[Python-Dev] Comparison speed

Tim Peters tim.one@home.com
Mon, 14 May 2001 23:36:42 -0400


[Martin v. Loewis]
> ...
> When stepping through the code, I also missed support for the
> relationship between identity and equality. E.g. in
> PyObject_RichCompare, I'd expect
>
>   if (v == w) {
>      switch (op)
>      case Py_EQ:case Py_LE:case Py_GE:
>         Py_INCREF(Py_True);
>         return Py_True;
>      case Py_NE:case Py_LT:case Py_GT:
>         Py_INCREF(Py_False);
>         return Py_False;
>      }
>   }
>
> That would not help in your case, of course. I don't even know how
> frequent comparing identical objects is in real life - but this is
> something that PyObject_Compare has that PyObject_RichCompare
> currently doesn't.

Guido insisted (with cause <wink>) on these four pairs as being equivalent:

    x <  y  iff  y >  x
    x <= y       y >= x
    x == y       y == x
    x != y       y != x

but beyond that, in the presence of rich comparisons, agreed not to make any
other assumptions about what those pixel-bags "mean".  In particular, there's
no implication that "x <= y" iff "x < y or x == y", or that "x < y" implies
"x != y", etc.

Applying that to the above leaves you with nothing but

   if (v == w && op == Py_EQ) /* then return Py_True */

Which is about all PyObject_Compare's

	if (v == w)
		return 0;

assumes too.  So I don't see much future in that.

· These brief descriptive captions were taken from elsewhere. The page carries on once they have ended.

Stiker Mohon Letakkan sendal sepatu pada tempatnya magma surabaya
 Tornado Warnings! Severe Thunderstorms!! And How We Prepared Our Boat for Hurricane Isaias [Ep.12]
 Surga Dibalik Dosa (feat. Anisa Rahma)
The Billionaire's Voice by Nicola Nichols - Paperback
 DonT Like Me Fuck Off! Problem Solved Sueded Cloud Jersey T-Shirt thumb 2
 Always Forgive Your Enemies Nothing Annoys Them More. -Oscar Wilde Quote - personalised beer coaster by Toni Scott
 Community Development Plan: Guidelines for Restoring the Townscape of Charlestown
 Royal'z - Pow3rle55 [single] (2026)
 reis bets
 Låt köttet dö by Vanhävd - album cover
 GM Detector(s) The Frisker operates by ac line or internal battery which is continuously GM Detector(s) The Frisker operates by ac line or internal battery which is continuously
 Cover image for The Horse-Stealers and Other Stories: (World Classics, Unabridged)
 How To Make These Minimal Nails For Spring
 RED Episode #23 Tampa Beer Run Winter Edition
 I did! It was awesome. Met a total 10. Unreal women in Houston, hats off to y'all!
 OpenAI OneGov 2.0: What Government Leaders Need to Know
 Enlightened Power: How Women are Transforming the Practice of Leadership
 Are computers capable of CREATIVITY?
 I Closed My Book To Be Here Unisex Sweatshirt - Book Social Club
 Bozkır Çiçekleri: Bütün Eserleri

[later, a patch to fill in the richcmp slot for strings]
> +static PyObject*
> +string_richcompare(PyStringObject *a, PyStringObject *b, int op)
> +{
> +	int c;
> +	PyObject *result;
> +	if (!PyString_Check(b)) {
> +		result = Py_NotImplemented;
> +		goto out;
> +	}
> +	if (op == Py_EQ) {
> +		if (a->ob_size != b->ob_size) {
> +			result = Py_False;
> +			goto out;
> +		}
> +#ifdef CACHE_HASH
> +		if (a->ob_shash != b->ob_shash
> +		    && a->ob_shash != -1
> +		    && b->ob_shash != -1) {
> +			result = Py_False;
> +			goto out;
> +		}
> +#endif
> +	}
> +	c = string_compare(a, b);
> +	switch (op) {
> +	case Py_LT: c = c <  0; break;
> +	case Py_LE: c = c <= 0; break;
> +	case Py_EQ: c = c == 0; break;
> +	case Py_NE: c = c != 0; break;
> +	case Py_GT: c = c >  0; break;
> +	case Py_GE: c = c >= 0; break;
> +	default:
> +		result = Py_NotImplemented;
> +		goto out;
> +	}
> +	result = c ? Py_True : Py_False;
> +  out:
> +	Py_INCREF(result);
> +	return result;

[and that yields about an 8% speedup in the "<" case]

That looks on the right track, but maybe at the wrong level:  why is it
necessary?  That is, the bulk of the "smarts" here in the switch stmt are
type-independent:  if there's no specific implementation of individual
comparisons, but there is a tp_compare, then the switch stmt applies verbatim
to *any* such type.  Do we have to fill in the richcmp slot for everything to
get Python to realize that?  I mean "just about everything", too:  while,
e.g., ceval special-cases "<" for ints, that doesn't do sorting or max or min
etc on ints a lick of good (they don't go thru the COMPARE_OP opcode then,
but thru the general comparison routines).

The "speed problem" appears to be:

+ COMPARE_OP calls cmp_outcome()
+   which calls PyObject_RichCompare()
+     which calls do_richcmp()
+       which calls try_rich_compare() (unsuccessfully now,
                                        successfully after your patch)
          which fails to find a richcmp slot on either operand (now)
          so says "not implemented"
+       then calls try_3way_to_rich_compare()
+         which calls try_3way_compare()
+            which finally calls the tp_compare slot
+            then runs exactly the same
   		switch (op) {
		case Py_LT: c = c <  0; break;
		case Py_LE: c = c <= 0; break;
		case Py_EQ: c = c == 0; break;
		case Py_NE: c = c != 0; break;
		case Py_GT: c = c >  0; break;
		case Py_GE: c = c >= 0; break;
		}
        	result = c ? Py_True : Py_False;
             switch as your patch

and things unwind.  So we've got 7 function calls there, not even counting
calls to PyErr_Occurred() and PyObject_IsTrue(), all to find about 3 machine
instructions that actually do the compare <wink>.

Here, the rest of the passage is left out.